OA Data Migration to Spot 1.0

This document is intended for any developer or sysadmin who wants to migrate their existing OA data to Spot 1.0. In previous Spot releases, OA data was stored in CSV files in a given location in the server used for OA (specified in spot.conf during original installation). In Spot 1.0, OA data is stored in Impala tables. The purposes of these scripts are to migrate independently each use case (flow, proxy and dns) from those CSV files into the new Impala tables.

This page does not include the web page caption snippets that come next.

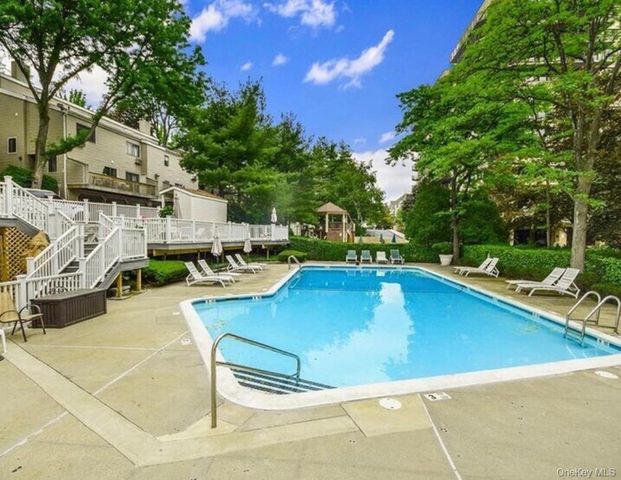 28 Hillside Terrace F, White Plains, NY 10601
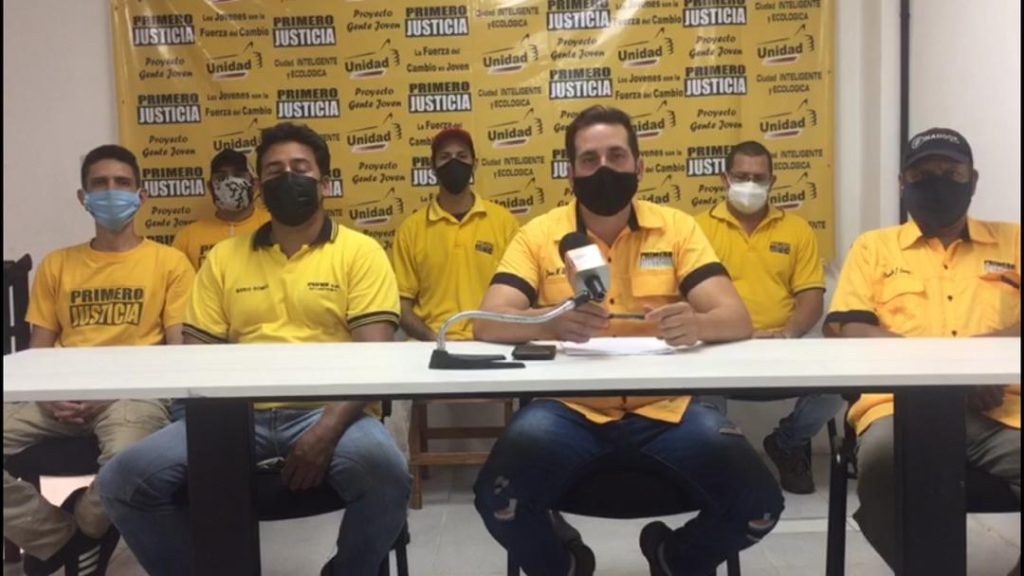 El coordinador municipal de PJ en Roscio, Juan Allueva, acompañado por demás dirigentes locales del partido aurinegro.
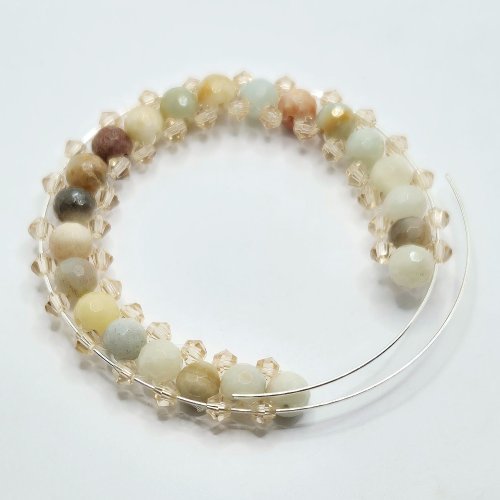 Natalie Patten's Right Angle Weave Memory Bangle - , Contemporary Wire Jewelry, Lashing, Wire Lashing, Beads, Memory wire, Continue until the memory wire coil runs through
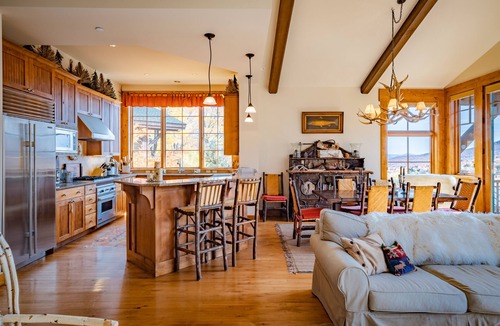 Spruce Peak House | Spruce Peak Mountain Cabin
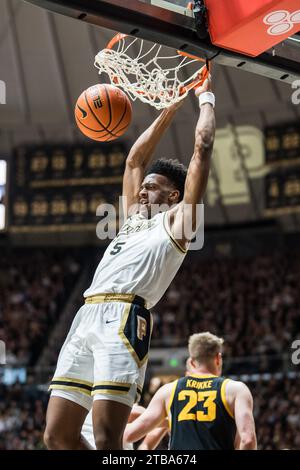 West Lafayette, Indiana, USA. 4 dicembre 2023. MYLES COLVIN dunks durante la partita di basket NCAA tra gli Iowa Hawkeyes e i Purdue Boilermakers, lunedì 4 dicembre 2023, alla Mackey Arena di West Lafayette, Ind. (Immagine di credito: © Dave Wegiel/ZUMA Press Wire) SOLO USO EDITORIALE! Non per USO commerciale! Foto Stock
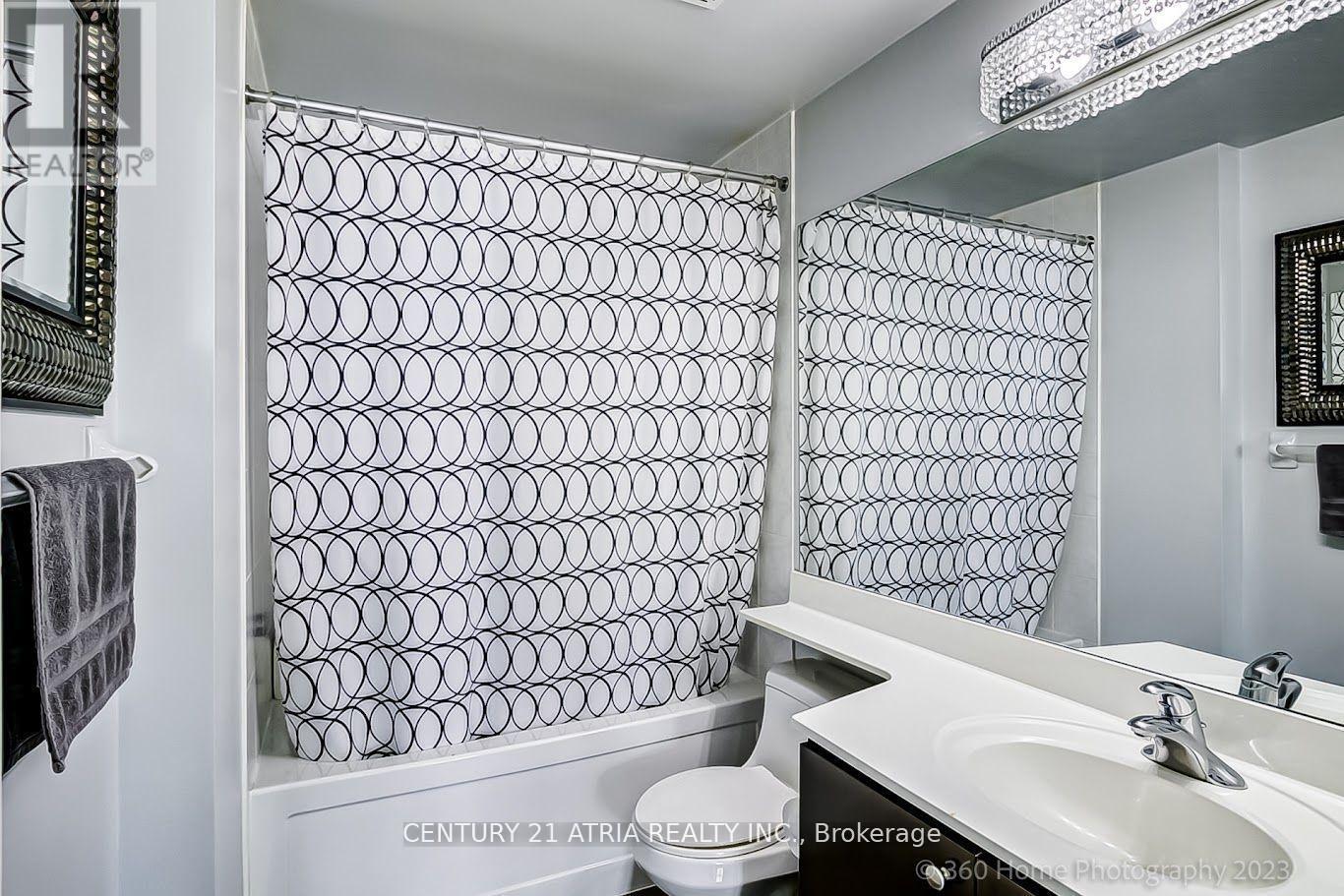 2203 - 60 Absolute Avenue, Mississauga, ON - Indoor Photo Showing Bathroom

This migration process is optional and only for those users who want to keep usable their OA data (scores, edges, chords, dendros, ingest summaries, storyboards, threat investigations and timelines) generated in the previous Spot version.

Requirements

  • You must run first new Spot setup installation to have the new tables created in Impala.
  • You must log in to the OA server and run these scripts from there.
  • You must run these scripts from the spot-setup/migration folder in the new Spot 1.0 location

CSV to Impala Tables Mapping

Flow

CSV FileImpala Table
flow_scores.csvflow_scores
chord-*.tsvflow_chords
edge-*.tsvflow_edge
is_*.csvflow_ingest_summary
threats.csvflow_storyboard
flow_scores.csv (only scored values)flow_threat_investigation
sbdet-*.tsvflow_timeline

DNS

CSV FileImpala Table
flow_scores.csvdns_scores
edge-*.csvdns_edge
dendro-*.csvdns_dendro
threat-dendro-*.csvdns_threat_dendro
is_*.csvdns_ingest_summary
threats.csvdns_storyboard
dns_scores.csv (only scored values)dns_threat_investigation

Proxy

CSV FileImpala Table
edge-*.csvproxy_edge
is_*.csvproxy_ingest_summary
proxy_scores.csvproxy_scores
threats.csvproxy_storyboard
proxy_scores.csv (only scored values)proxy_threat_investigation
timeline-*.csvproxy_timeline

Data Flow

There is a launch and single script that will migrate all specified pipelines. This process will read each of the CSV from the existing location and import data to Impala tables accordingly, creating first a staging database and tables to load the records in the CSV and then insert that data into the new Spot 1.0 tables. You must execute this migration process from the server where old Spot release is located. You may provide one pipeline or all (flow, dns and proxy) according to your needs and your existing data. At the end of each script, the old data pipeline folder will be moved from the original location to a backup folder. Staging tables and their respective HDFS paths will be removed.

Execution

./migrate_to_spot_1_0.py PIPELINES OLD_OA_PATH STAGING_DB_NAME STAGING_DB_HDFS_PATH NEW_SPOT_IMPALA_DB IMPALA_DAEMON

where variables mean:

  • PIPELINES - Comma-separated list of the pipelines to be migrated
  • OLD_OA_PATH - Path to the old Spot-OA release directory in the local filesystem
  • STAGING_DB_NAME - Name of the staging database to be created to temporarily store these records
  • STAGING_DB_HDFS_PATH - HDFS path of the staging database to be created to temporarily store these records
  • NEW_SPOT_IMPALA_DB - Database name of the Spot 1.0 Impala tables. Use the same as in the spot.conf when the new Spot release was installed
  • IMPALA_DAEMON - Choose an Impala daemon to be used to run scripts' queries.

Example:

./migrate_to_spot_1_0.py 'flow,dns,proxy' '/home/spotuser/incubator-spot_old/spot-oa' 'spot_migration' '/user/spotuser/spot_migration/' 'migrated' 'node01'